Tomando en cuenta la calidad de la arcilla primigenia, el resultado a este respecto no es del todo desalentador: un ejemplar con un grado mínimo de operatividad ante escenarios dispuestos a todo detalle y públicos perfectamente controlados. De hecho, casi no se nota cuando se le olvidan el nombre de Carlos Fuentes, la enfermedad de que murió su esposa, o cuando se mueve con la parsimonia de un robot medianamente aceitado. Es posible que su condición posea un inédito encanto. Fruto de una mezcla única, Peña Nieto ostenta una belleza híbrida: es la insólita combinación de una pin-up y la capacidad discursiva de un dinosaurio del cretácico.

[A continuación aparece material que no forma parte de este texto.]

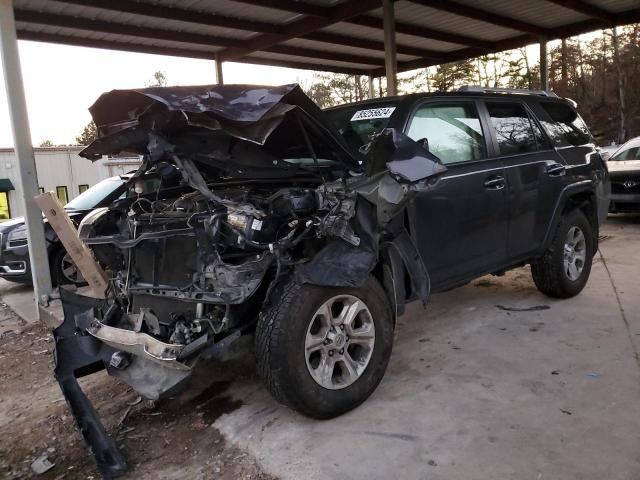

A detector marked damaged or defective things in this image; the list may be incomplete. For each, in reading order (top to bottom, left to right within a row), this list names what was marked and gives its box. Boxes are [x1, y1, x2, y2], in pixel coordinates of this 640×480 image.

crumpled hood [79, 84, 360, 171]
damaged front end [53, 83, 444, 476]
wrecked suv [53, 84, 604, 474]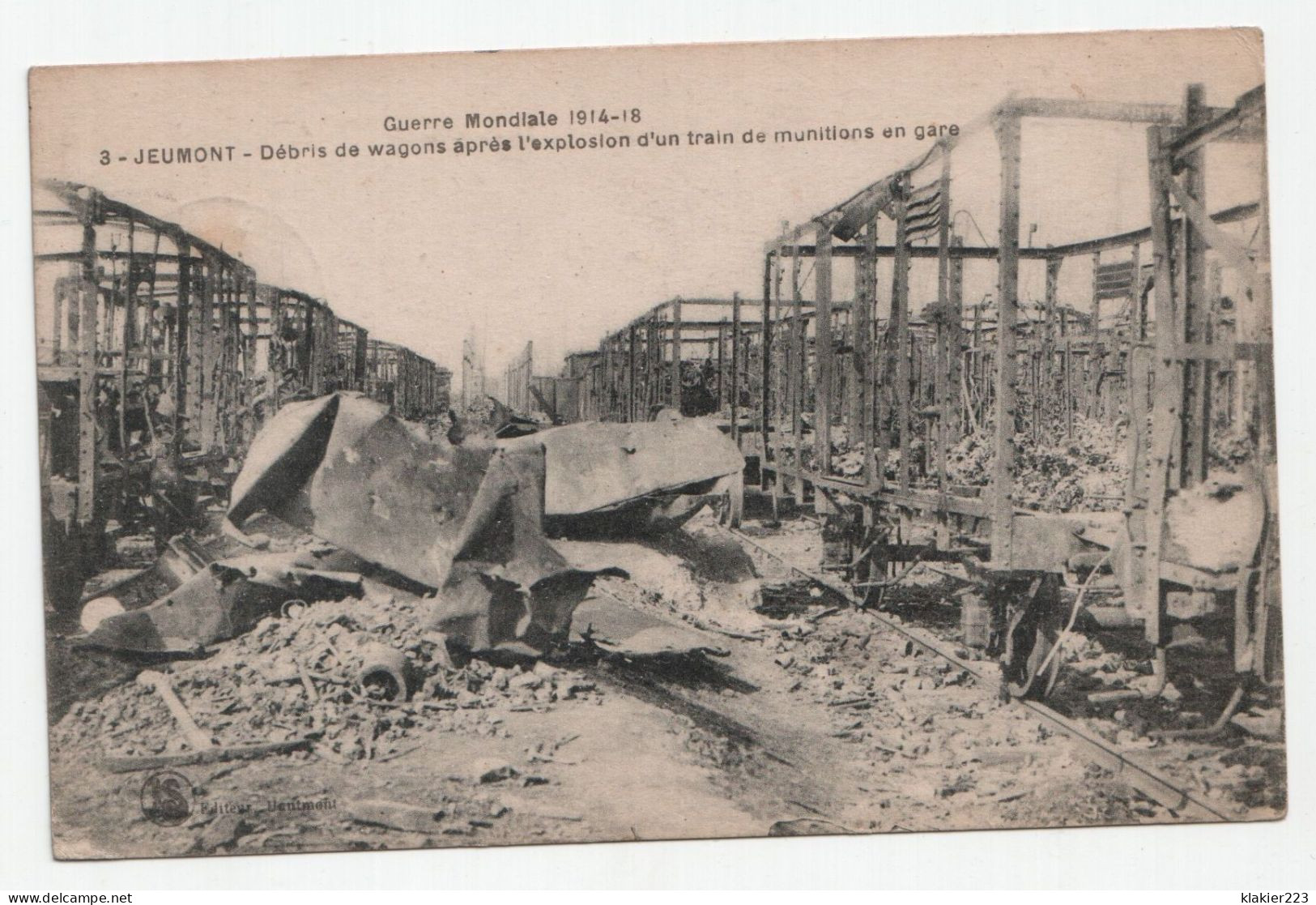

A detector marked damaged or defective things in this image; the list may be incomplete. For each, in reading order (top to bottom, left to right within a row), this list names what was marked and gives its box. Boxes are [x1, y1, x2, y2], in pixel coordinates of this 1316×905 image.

crumpled metal debris [77, 548, 365, 655]
wrecked railway car [32, 181, 453, 608]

Pero la política pin-up no se limita a la imagen del candidato. Peña Nieto vende un ideal de vida para las masas. A despecho de sus seguidoras se casó con una estrella de la farándula. Tartamudos intelectuales y protagonistas de pasiones de teleprompter, la pareja es bella, buena, sofisticada y comprensiva. En videos de YouTube se muestran complacientes y preocupados por mimar a sus hijas. Ellas son accesibles y simpáticas hasta que les mencionan a la prole. En la prensa rosa la pareja vende su boda, su familia, su sexualidad, su recato y su decencia ante un país ávido de felicidades de pixel y telenovela. Es un ideal de pareja respetada, admirada y aplaudida por las masas en reconocimiento de su fotogenia, de su virtud mediática, de su éxito profesional y material. Alejada de cualquier complejidad emocional y cimentada en el sentimentalismo de TVNotas, la familia forma parte del producto Peña Nieto. El paquete es “all inclusive”: además del erotismo de vodevil y el coqueteo de bambalinas, se le vende al público una decencia familiar de maquillaje, una moral de antifaz y mascarilla, un decoro y dignidad de propaganda, un ideal cuya profundidad se equipara a la de las pantallas planas.

Pese a las múltiples semejanzas entre la pin-up y Peña Nieto, hay diferencias considerables. En contraste con el estereotipo pin-up cuya erotización no entraña ningún peligro, Peña Nieto encarna no el peligro imaginario, sino el corroborado ejercicio de las prácticas priistas y autoritarias que desde siempre han atentado contra la democracia. La política pin-up de Peña Nieto aspira a esconder el saldo deplorable de su gestión al frente del Estado de México en el sex appeal del melodrama: ocultar el horror de la sangre de la represión de Atenco en el destello de las uñas perfectamente cuidadas; disimular la muerte de cientos de mujeres asesinadas en la corbata bien escogida; justificar el rezago educativo en el brillo de las mancuernillas doradas; defender la fatuidad de un gobierno de privilegios en el discurso ribeteado de dudosas cifras oficiales perfectamente memorizadas. A diferencia de la pin-up, Peña Nieto está lejos del seductor inofensivo; cerca está la ambición del que pretende devorar con un manotazo de autoritarismo y la ayuda de la industria informativa a un país entero.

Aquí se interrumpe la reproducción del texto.